**Source data**
*** Begin section ***

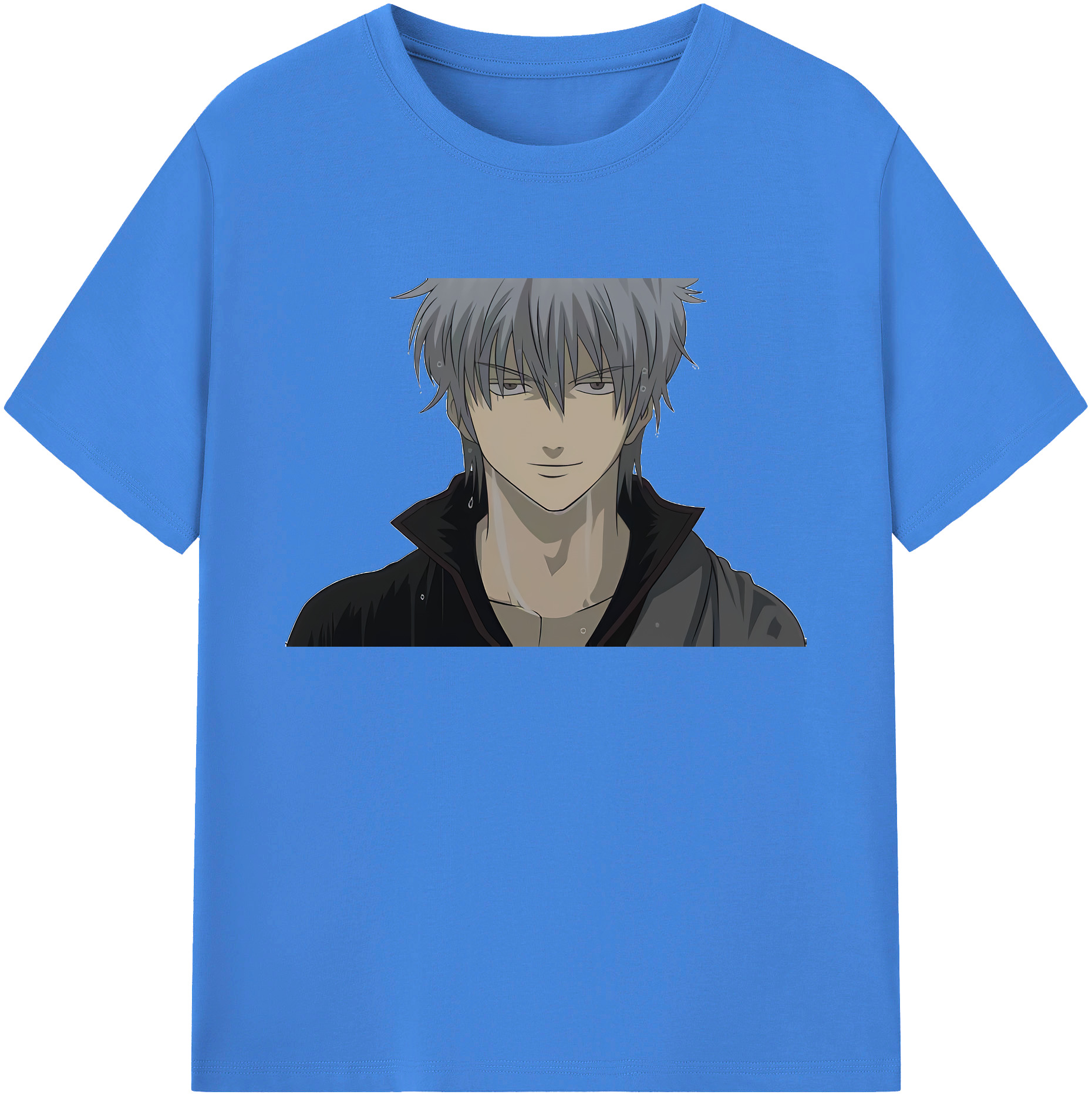 （画像用） ぎんたま 坂田銀時（さかたぎんとき） 神楽 志村新八（しむら しんぱち） GINTAMA Sakata Gintoki Kagura Shimura Shinpachi 綿100％ メンズ半袖Tシャツ｜肌触りやわらか＆通気性
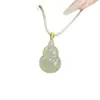 Colgante de Calabaza de Aventurina Natural al por Mayor, Colgante Pequeño de Calabaza de Aventurina Verde Claro 3D de Fortuna y Prosperidad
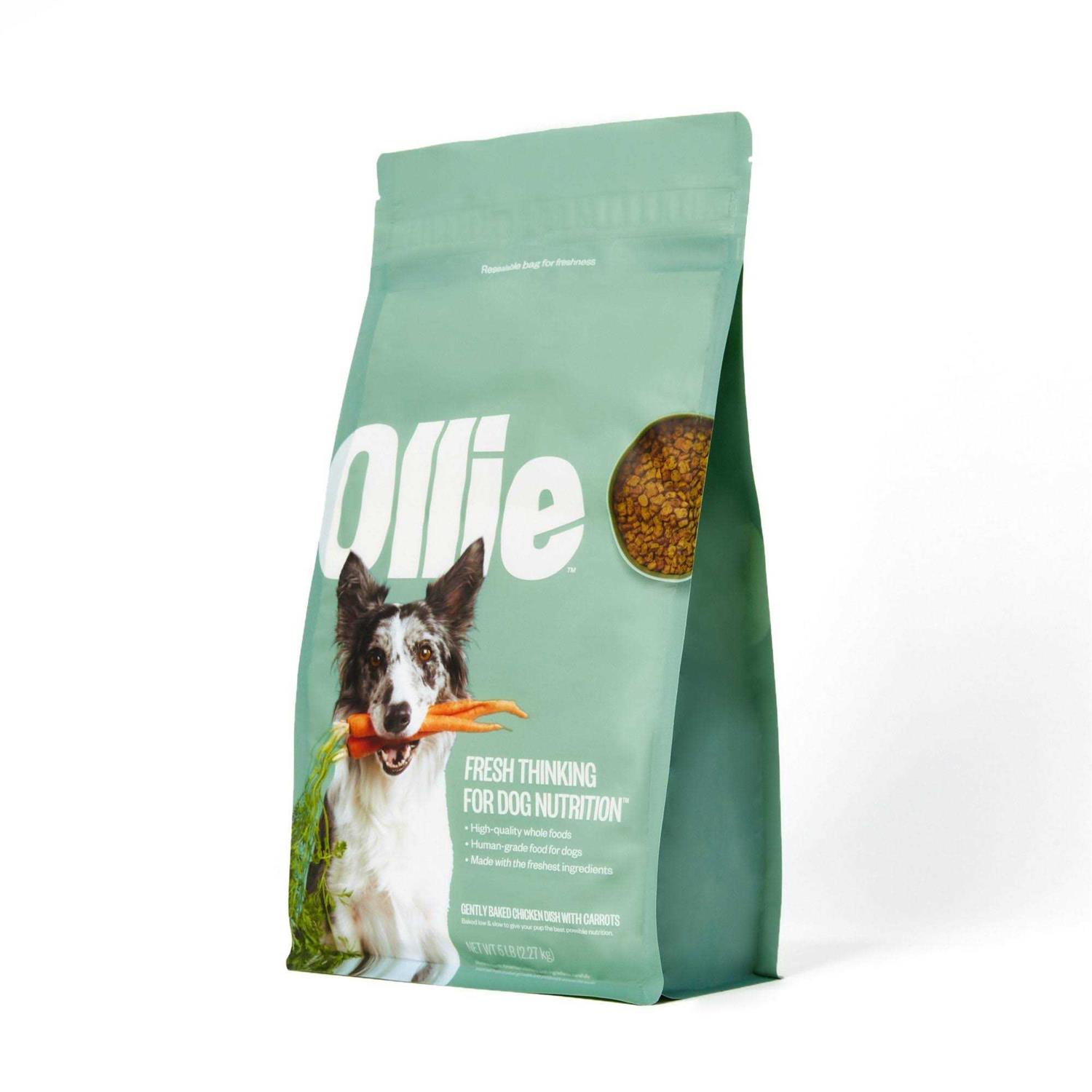 Ollie Baked Chicken Dish with Carrots Dry Dog Food - Pet Supplies online store
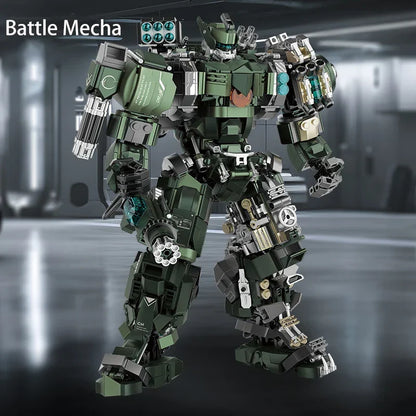 Mecha Building Kit Mech Warrior Battle Robots Kit Fall 2025 Gift for Kids and Adults Creative STEM Play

*** End section ***

**Problem to work on**
The required output is each line above restated verbatim, with all images omitted.

**Result below**
 （画像用） ぎんたま 坂田銀時（さかたぎんとき） 神楽 志村新八（しむら しんぱち） GINTAMA Sakata Gintoki Kagura Shimura Shinpachi 綿100％ メンズ半袖Tシャツ｜肌触りやわらか＆通気性
 Colgante de Calabaza de Aventurina Natural al por Mayor, Colgante Pequeño de Calabaza de Aventurina Verde Claro 3D de Fortuna y Prosperidad
 Ollie Baked Chicken Dish with Carrots Dry Dog Food - Pet Supplies online store
 Mecha Building Kit Mech Warrior Battle Robots Kit Fall 2025 Gift for Kids and Adults Creative STEM Play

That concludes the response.